EXERCISE PROMPT: All of the records below need to be copied exactly.

RECORDS FOR THIS EXERCISE:
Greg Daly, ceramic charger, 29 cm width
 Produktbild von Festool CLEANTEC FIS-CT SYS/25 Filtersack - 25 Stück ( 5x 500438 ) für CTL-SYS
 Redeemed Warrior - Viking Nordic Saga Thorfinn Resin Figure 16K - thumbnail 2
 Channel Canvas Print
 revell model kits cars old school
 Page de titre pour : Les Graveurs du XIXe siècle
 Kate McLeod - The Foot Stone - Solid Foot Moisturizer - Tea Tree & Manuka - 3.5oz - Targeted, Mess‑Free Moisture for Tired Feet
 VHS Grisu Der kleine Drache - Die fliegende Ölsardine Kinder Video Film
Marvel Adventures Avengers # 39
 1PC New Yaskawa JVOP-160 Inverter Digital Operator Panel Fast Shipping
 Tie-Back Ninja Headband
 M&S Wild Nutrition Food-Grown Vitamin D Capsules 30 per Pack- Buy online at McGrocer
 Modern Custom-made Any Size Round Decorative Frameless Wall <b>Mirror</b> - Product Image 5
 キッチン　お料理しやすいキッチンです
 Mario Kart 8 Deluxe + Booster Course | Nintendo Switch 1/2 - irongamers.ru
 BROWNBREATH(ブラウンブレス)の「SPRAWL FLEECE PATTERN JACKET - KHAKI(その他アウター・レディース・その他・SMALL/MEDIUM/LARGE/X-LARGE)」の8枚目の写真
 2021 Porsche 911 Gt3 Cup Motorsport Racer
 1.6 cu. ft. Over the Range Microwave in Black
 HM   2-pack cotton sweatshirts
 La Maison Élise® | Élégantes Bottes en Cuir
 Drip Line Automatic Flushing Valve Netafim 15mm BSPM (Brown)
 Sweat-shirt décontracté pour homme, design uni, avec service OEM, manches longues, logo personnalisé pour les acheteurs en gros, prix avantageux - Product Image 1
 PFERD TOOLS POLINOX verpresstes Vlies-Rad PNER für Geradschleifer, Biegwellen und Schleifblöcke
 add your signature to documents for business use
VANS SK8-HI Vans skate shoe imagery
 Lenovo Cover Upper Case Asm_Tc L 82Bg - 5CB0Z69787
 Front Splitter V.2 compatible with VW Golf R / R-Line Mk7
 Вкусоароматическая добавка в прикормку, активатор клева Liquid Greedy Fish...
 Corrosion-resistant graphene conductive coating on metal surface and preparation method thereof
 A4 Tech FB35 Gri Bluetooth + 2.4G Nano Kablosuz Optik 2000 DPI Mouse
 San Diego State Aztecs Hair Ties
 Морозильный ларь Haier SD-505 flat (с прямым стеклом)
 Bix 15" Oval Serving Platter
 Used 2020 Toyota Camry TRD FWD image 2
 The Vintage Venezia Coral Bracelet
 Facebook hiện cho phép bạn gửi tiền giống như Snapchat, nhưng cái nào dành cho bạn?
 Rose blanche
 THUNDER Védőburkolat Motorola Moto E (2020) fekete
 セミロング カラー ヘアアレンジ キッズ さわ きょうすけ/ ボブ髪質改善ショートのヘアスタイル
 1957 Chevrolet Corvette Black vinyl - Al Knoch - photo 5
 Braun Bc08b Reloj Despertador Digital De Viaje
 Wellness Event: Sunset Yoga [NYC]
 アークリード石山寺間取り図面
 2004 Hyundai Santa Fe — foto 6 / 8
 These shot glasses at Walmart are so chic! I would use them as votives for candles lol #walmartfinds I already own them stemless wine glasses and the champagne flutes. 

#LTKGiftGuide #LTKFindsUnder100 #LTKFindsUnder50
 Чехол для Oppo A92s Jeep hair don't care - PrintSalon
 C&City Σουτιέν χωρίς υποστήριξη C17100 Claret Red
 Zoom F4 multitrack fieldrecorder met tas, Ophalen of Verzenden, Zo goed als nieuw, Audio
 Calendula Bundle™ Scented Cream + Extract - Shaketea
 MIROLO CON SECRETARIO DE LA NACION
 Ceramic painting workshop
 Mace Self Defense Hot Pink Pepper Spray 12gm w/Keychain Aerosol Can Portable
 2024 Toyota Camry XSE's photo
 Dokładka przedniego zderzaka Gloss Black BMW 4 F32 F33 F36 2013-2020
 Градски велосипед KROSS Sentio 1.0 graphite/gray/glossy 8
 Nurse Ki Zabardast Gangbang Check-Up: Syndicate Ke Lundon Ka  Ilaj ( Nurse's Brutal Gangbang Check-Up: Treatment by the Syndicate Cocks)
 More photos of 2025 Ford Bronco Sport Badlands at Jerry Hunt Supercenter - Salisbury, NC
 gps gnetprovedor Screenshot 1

RESULT OF THE TASK:
Greg Daly, ceramic charger, 29 cm width
 Produktbild von Festool CLEANTEC FIS-CT SYS/25 Filtersack - 25 Stück ( 5x 500438 ) für CTL-SYS
 Redeemed Warrior - Viking Nordic Saga Thorfinn Resin Figure 16K - thumbnail 2
 Channel Canvas Print
 revell model kits cars old school
 Page de titre pour : Les Graveurs du XIXe siècle
 Kate McLeod - The Foot Stone - Solid Foot Moisturizer - Tea Tree & Manuka - 3.5oz - Targeted, Mess‑Free Moisture for Tired Feet
 VHS Grisu Der kleine Drache - Die fliegende Ölsardine Kinder Video Film
Marvel Adventures Avengers # 39
 1PC New Yaskawa JVOP-160 Inverter Digital Operator Panel Fast Shipping
 Tie-Back Ninja Headband
 M&S Wild Nutrition Food-Grown Vitamin D Capsules 30 per Pack- Buy online at McGrocer
 Modern Custom-made Any Size Round Decorative Frameless Wall <b>Mirror</b> - Product Image 5
 キッチン　お料理しやすいキッチンです
 Mario Kart 8 Deluxe + Booster Course | Nintendo Switch 1/2 - irongamers.ru
 BROWNBREATH(ブラウンブレス)の「SPRAWL FLEECE PATTERN JACKET - KHAKI(その他アウター・レディース・その他・SMALL/MEDIUM/LARGE/X-LARGE)」の8枚目の写真
 2021 Porsche 911 Gt3 Cup Motorsport Racer
 1.6 cu. ft. Over the Range Microwave in Black
 HM   2-pack cotton sweatshirts
 La Maison Élise® | Élégantes Bottes en Cuir
 Drip Line Automatic Flushing Valve Netafim 15mm BSPM (Brown)
 Sweat-shirt décontracté pour homme, design uni, avec service OEM, manches longues, logo personnalisé pour les acheteurs en gros, prix avantageux - Product Image 1
 PFERD TOOLS POLINOX verpresstes Vlies-Rad PNER für Geradschleifer, Biegwellen und Schleifblöcke
 add your signature to documents for business use
VANS SK8-HI Vans skate shoe imagery
 Lenovo Cover Upper Case Asm_Tc L 82Bg - 5CB0Z69787
 Front Splitter V.2 compatible with VW Golf R / R-Line Mk7
 Вкусоароматическая добавка в прикормку, активатор клева Liquid Greedy Fish...
 Corrosion-resistant graphene conductive coating on metal surface and preparation method thereof
 A4 Tech FB35 Gri Bluetooth + 2.4G Nano Kablosuz Optik 2000 DPI Mouse
 San Diego State Aztecs Hair Ties
 Морозильный ларь Haier SD-505 flat (с прямым стеклом)
 Bix 15" Oval Serving Platter
 Used 2020 Toyota Camry TRD FWD image 2
 The Vintage Venezia Coral Bracelet
 Facebook hiện cho phép bạn gửi tiền giống như Snapchat, nhưng cái nào dành cho bạn?
 Rose blanche
 THUNDER Védőburkolat Motorola Moto E (2020) fekete
 セミロング カラー ヘアアレンジ キッズ さわ きょうすけ/ ボブ髪質改善ショートのヘアスタイル
 1957 Chevrolet Corvette Black vinyl - Al Knoch - photo 5
 Braun Bc08b Reloj Despertador Digital De Viaje
 Wellness Event: Sunset Yoga [NYC]
 アークリード石山寺間取り図面
 2004 Hyundai Santa Fe — foto 6 / 8
 These shot glasses at Walmart are so chic! I would use them as votives for candles lol #walmartfinds I already own them stemless wine glasses and the champagne flutes. 

#LTKGiftGuide #LTKFindsUnder100 #LTKFindsUnder50
 Чехол для Oppo A92s Jeep hair don't care - PrintSalon
 C&City Σουτιέν χωρίς υποστήριξη C17100 Claret Red
 Zoom F4 multitrack fieldrecorder met tas, Ophalen of Verzenden, Zo goed als nieuw, Audio
 Calendula Bundle™ Scented Cream + Extract - Shaketea
 MIROLO CON SECRETARIO DE LA NACION
 Ceramic painting workshop
 Mace Self Defense Hot Pink Pepper Spray 12gm w/Keychain Aerosol Can Portable
 2024 Toyota Camry XSE's photo
 Dokładka przedniego zderzaka Gloss Black BMW 4 F32 F33 F36 2013-2020
 Градски велосипед KROSS Sentio 1.0 graphite/gray/glossy 8
 Nurse Ki Zabardast Gangbang Check-Up: Syndicate Ke Lundon Ka  Ilaj ( Nurse's Brutal Gangbang Check-Up: Treatment by the Syndicate Cocks)
 More photos of 2025 Ford Bronco Sport Badlands at Jerry Hunt Supercenter - Salisbury, NC
 gps gnetprovedor Screenshot 1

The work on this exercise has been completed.